Keywords: Drabkin′s reagent, hemoglobin estimation, venous blood
|How to cite this article:|
Madani N, Ahmed SM, Guma T, Modawe GA. Comparative measuring between fresh and stored Drabkin's reagent preparations on hemoglobin estimation. Sudan Med Monit 2015;10:7-10
| Introduction|| |
Hemoglobin is the most common routine hematological parameter that measured to determine pathological condition of the patients, specifically diagnosis and follow-up of anemia. Hemoglobin is the oxygen carrying pigment of erythrocytes, formed by developing erythrocytes in the bone marrow. 
Each molecule of hemoglobin contains four linked polypeptide (globin) chains that in an adult consist of two alpha chains amino acids and two beta chains. About 96-98% of normal adult hemoglobin is HbA. Up to 3.5% is HbA2 and <1% is HbF (fetal).
The objectives of this study is to estimate Hb level using freshly prepared Drabkin's, to estimate Hb level using stored Drabkin's which are prepared at different interval (4, 8 and 12 days) and to compare the result of cyanomethemoglobin method to the automated method.
Hemoglobin is the oxygen carrying pigment of erythrocytes, formed by developing erythrocytes in the bone marrow. 
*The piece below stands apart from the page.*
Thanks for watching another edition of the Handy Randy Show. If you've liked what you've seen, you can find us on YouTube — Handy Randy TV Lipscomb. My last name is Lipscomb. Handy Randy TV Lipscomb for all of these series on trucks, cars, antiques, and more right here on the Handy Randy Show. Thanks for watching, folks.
Each molecule of hemoglobin contains four linked polypeptide (globin) chains that in an adult consist of two alpha chains amino acids and two beta chains. 96-98% of normal adult hemoglobin is HbA, Up to 3.5% is HbA2 and <1% is HbF (fetal). Each polypeptide chain is combined with an iron containing porphyrins pigment called heme that is the oxygen carrying part of the hemoglobin molecule. Oxygen binds reversibly to the ferrous ion (Fe+2) contained in each heme group. Hemoglobin takes up oxygen when the partial pressure of oxygen in the blood is high and releases it when the partial pressure of oxygen is low. When the blood is in the lungs, therefore, it rapidly combines with hemoglobin, forming oxyhemoglobin. The blood becomes about 97% saturated with oxygen (every gram of hemoglobin combining with 1.34 ml of oxygen). When the blood passes through the tissues where the partial pressure of oxygen is low, oxygen dissociates from the hemoglobin. Under resting conditions, the blood normally loses about 30% of its oxygen content in the tissues.
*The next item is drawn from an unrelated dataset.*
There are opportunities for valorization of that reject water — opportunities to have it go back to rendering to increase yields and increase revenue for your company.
Oxygenation and deoxygenating of hemoglobin involve interactions between the globin chains and the red cell metabolite, 2,3diphosphoglycerate (2, 3-DPG). As the oxygen is bound, the chains move close together. As the oxygen is released, the two chains move apart slightly, allowing the entry a binding of 2, 3-DPG. This lowers oxygen affinity, facilitating the release of oxygen from the hemoglobin. 
Hemoglobin performs three functions, each of which is essential for live:
Transport of molecular O 2 from the lungs to the tissues. Transport of carbon dioxide from the tissue to the lungs.
Buffering of the blood to prevent change in PH that may be incompatible with life. The structure and composition of Hb make it eminently suited for such purposes. 
After senscent red blood cells are phagocytes by the macrophage, the red blood cells is broken-down by heme oxygenize (HMOXI) to release Iron as ferrous Iron, it can be either enter as ferritin (where it is oxidized to ferric Iron by the ferritin protein) or be released into plasma (via ferroprotein I) where its binding to transferring. 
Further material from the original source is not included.